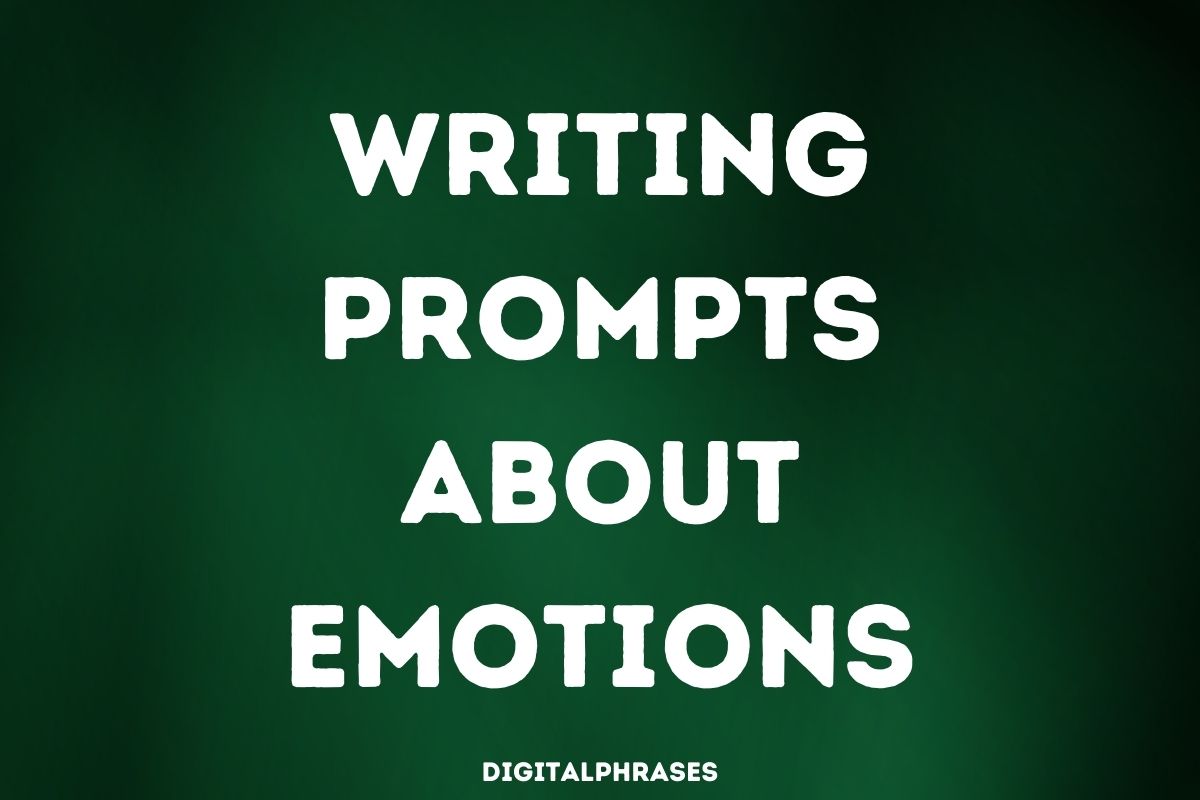 Writing Prompts about Emotions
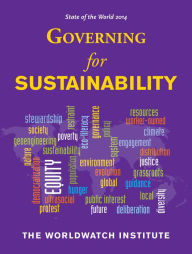 Title: State of the World 2014: Governing for Sustainability, Author: The Worldwatch Institute
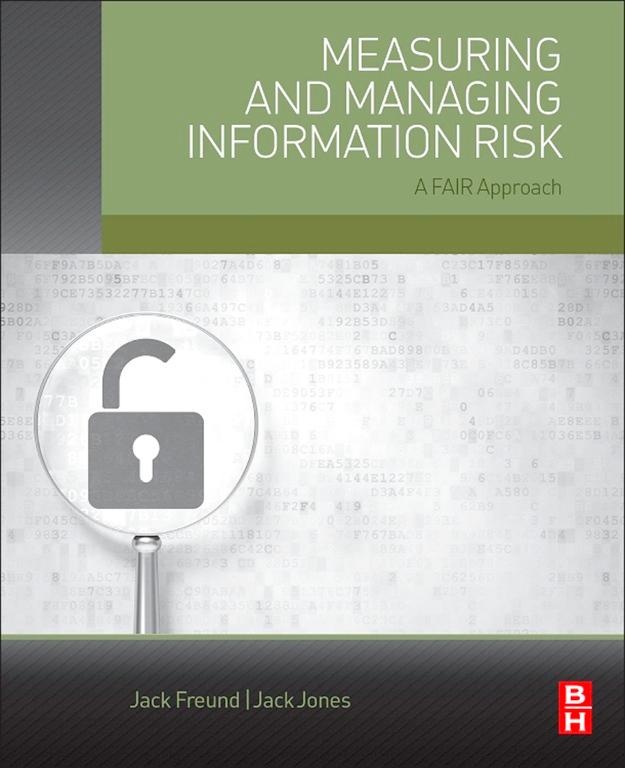 Measuring and Managing Information Risk: eBook von Jack Freund/ Jack Jones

INSTRUCTIONS TO FOLLOW
Wherever a picture appears in the material above, skip it and copy the rest without change.

RESPONSE FOR THIS EXERCISE
 Writing Prompts about Emotions
 Title: State of the World 2014: Governing for Sustainability, Author: The Worldwatch Institute
 Measuring and Managing Information Risk: eBook von Jack Freund/ Jack Jones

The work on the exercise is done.